## Extracted records
***
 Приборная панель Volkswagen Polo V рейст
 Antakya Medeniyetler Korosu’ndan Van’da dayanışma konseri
***
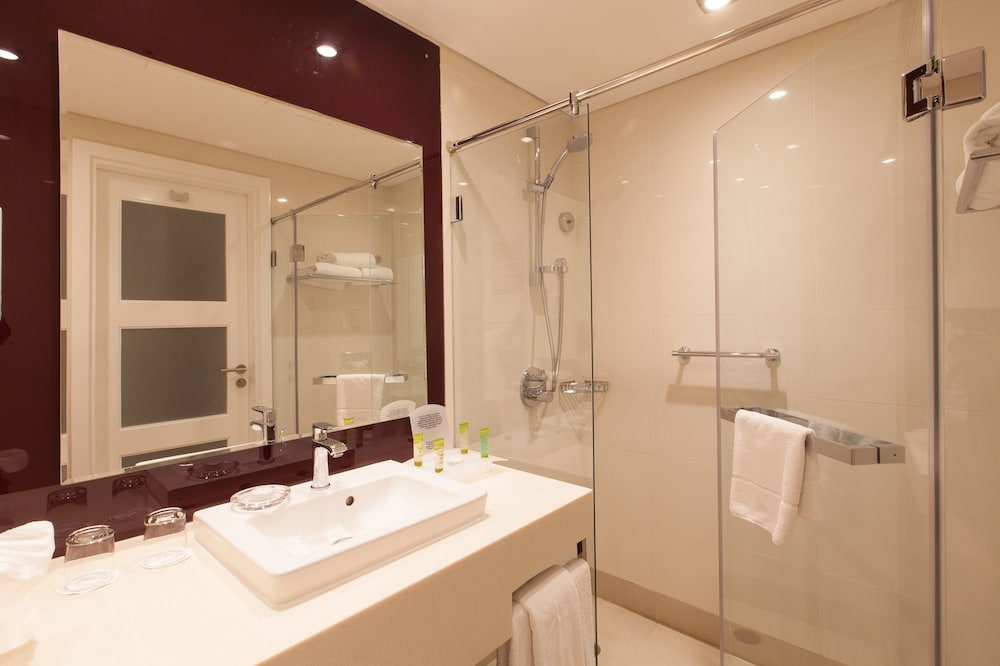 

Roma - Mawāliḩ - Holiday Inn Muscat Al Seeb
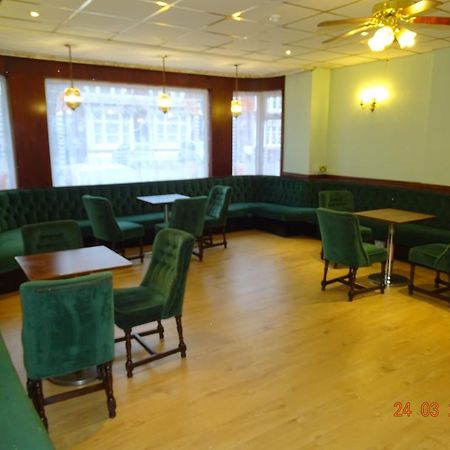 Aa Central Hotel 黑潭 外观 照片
***
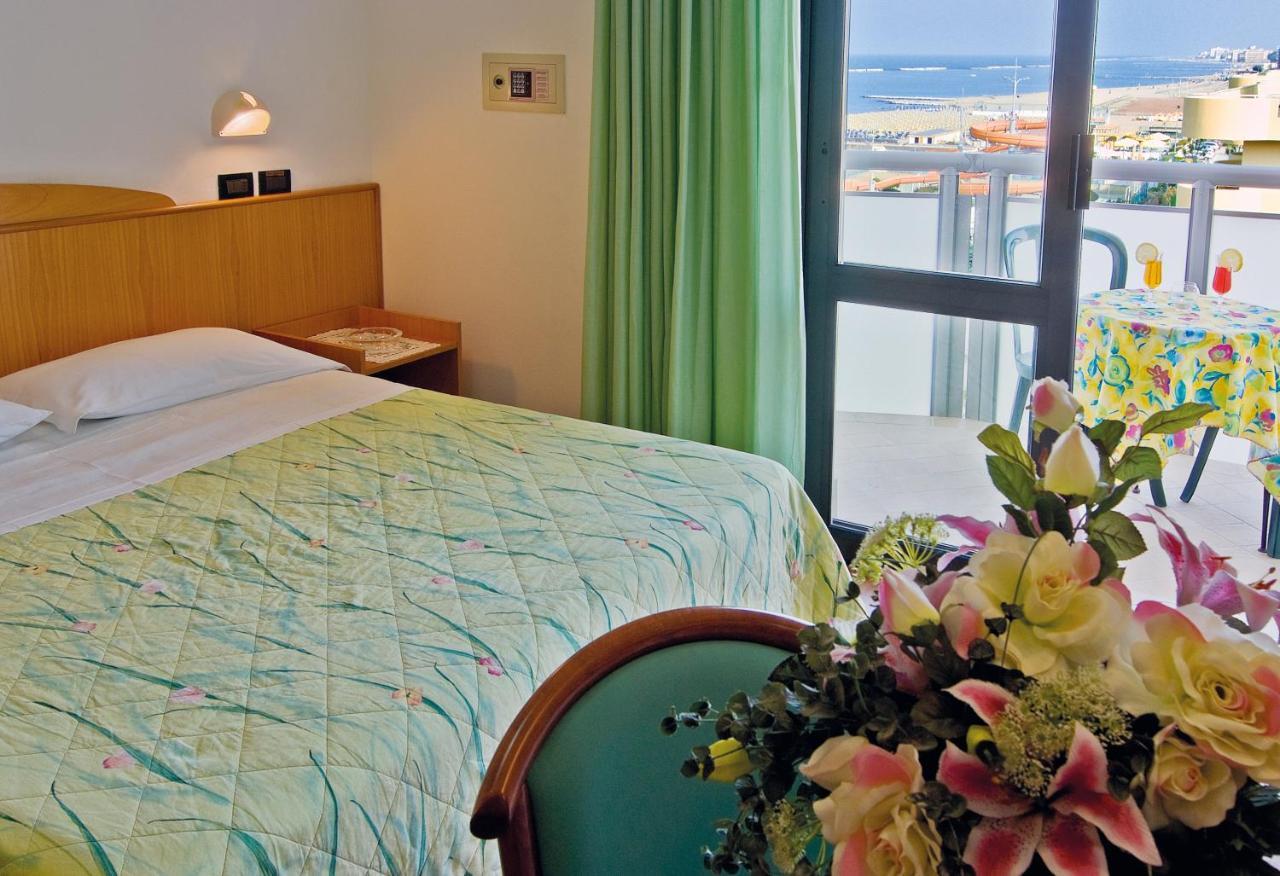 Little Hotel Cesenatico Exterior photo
***
## Your task
Of the lines above, retype only those from the line containing "Приборная панель Volkswagen Polo V рейст" through the line containing "Antakya Medeniyetler Korosu’ndan", including both, exactly.

## Written solution
 Приборная панель Volkswagen Polo V рейст
 Antakya Medeniyetler Korosu’ndan Van’da dayanışma konseri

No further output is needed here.